Par la poétique, Glissant établit des liens entre Macaia, le rebelle incarnant le cri de révolte a Saint-Domingue, et Manuel, un geôlier et paysan piémontais. Toussaint est le relais, le mitan qui relie. Son destin n’est pas de ressusciter le passé héroïque mais, à la manière d’un poète dramaturge, de le projeter dans un avenir. C’est sans doute cette poétisation du temps que Glissant appelle dans la première préface de Monsieur Toussaint « une vision prophétique du passé ». Il y a des parallèles frappants entre l’espace glacé de cette cellule dans les montagnes, le lieu incontournable de l’action de la pièce, et le ventre du bateau négrier. Une lucarne, haut placée dans la didascalie, fait que cet espace carcéral rempli de voix, d’échos et de résonances rappelle la disposition physique de la cale. En outre, l’auteur imagine qu’on n’a jamais retrouvé le cadavre de Toussaint, qui « fut jeté sous des remblais ou au plus fond des remparts » tels les esclaves morts étaient jetés dans l’océan pendant la Traite. Dans Une nouvelle région du monde, Glissant imagine le fort de Joux à l’image d’« un bateau navigant les contreforts du Jura et battant de son étrave les houles des forêts noires ». Ce bateau-prison est lié à un archipel de lieux d’emprisonnement comme Gorée, le château Dubuc et les îles Robben, qui sont des avant-postes des océans.
L’image du fort-bateau rappelle celle de la barque ouverte du début de Poétique de la Relation. Ce bateau-prison, « enceint d’autant de morts que de vivants », est une matrice où Toussaint, seul dans sa souffrance, « partage l’inconnu avec quelques-uns qu’il ne connait pas encore ». Monsieur Toussaint trace le dépaysement et le dépouillement d’un héros refusant d’être une victime tragique, un moribond déraciné, un fils de l’abime reconnaissant à la fin que sa mort n’aura aucune signification politique. Assumant le poids de son nom emblématique, il incarne l’ouverture à l’autre. Son bateau-prison est ouvert et il le navigue pour tous. Ecrite pour la scène, la pièce Monsieur Toussaint a un sens qui dépasse poétiquement le drame tragique. Cette oeuvre recompose métaphoriquement le drame de l’Africain déporté, du migrant nu, incapable de maintenir son passe, mais qui, a partir des traces qui lui restaient, a créé quelque chose d’imprévisible. « Entreprendre le travail a nouveau » pour Toussaint signifie s’imaginer dans un nouvel espace, c’est-à-dire devenir un marronneur ingouverné et errant.

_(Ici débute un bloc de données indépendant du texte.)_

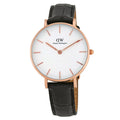  Shop Authentic Daniel Wellington Petite Reading White Dial Black Leather Strap Watch For Women - DW00100173 - Luxxuri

Ce qu’il pratique, c’est l’art de l’invention et de la traduction. Toute traduction de Monsieur Toussaint se doit donc de rester fidele à l’esprit de la pièce et à l’intention de l’auteur. Quand Glissant dit dans la préface de 1978 qu’il a résisté « à un mécanisme simple de créolisation » et que « la mise en scène de cette histoire peut décider de son environnement linguistique », on comprend qu’il a voulu maintenir une instabilité linguistique qui invitait à la traduction. Traduire cette pièce, c’est la créoliser. Traduire cette pièce en créole, c’est inventer un langage à partir des traces de l’original ; selon la formulation du dramaturge, c’est enrichir l’imaginaire du texte « de manière errante et fixe a la fois ».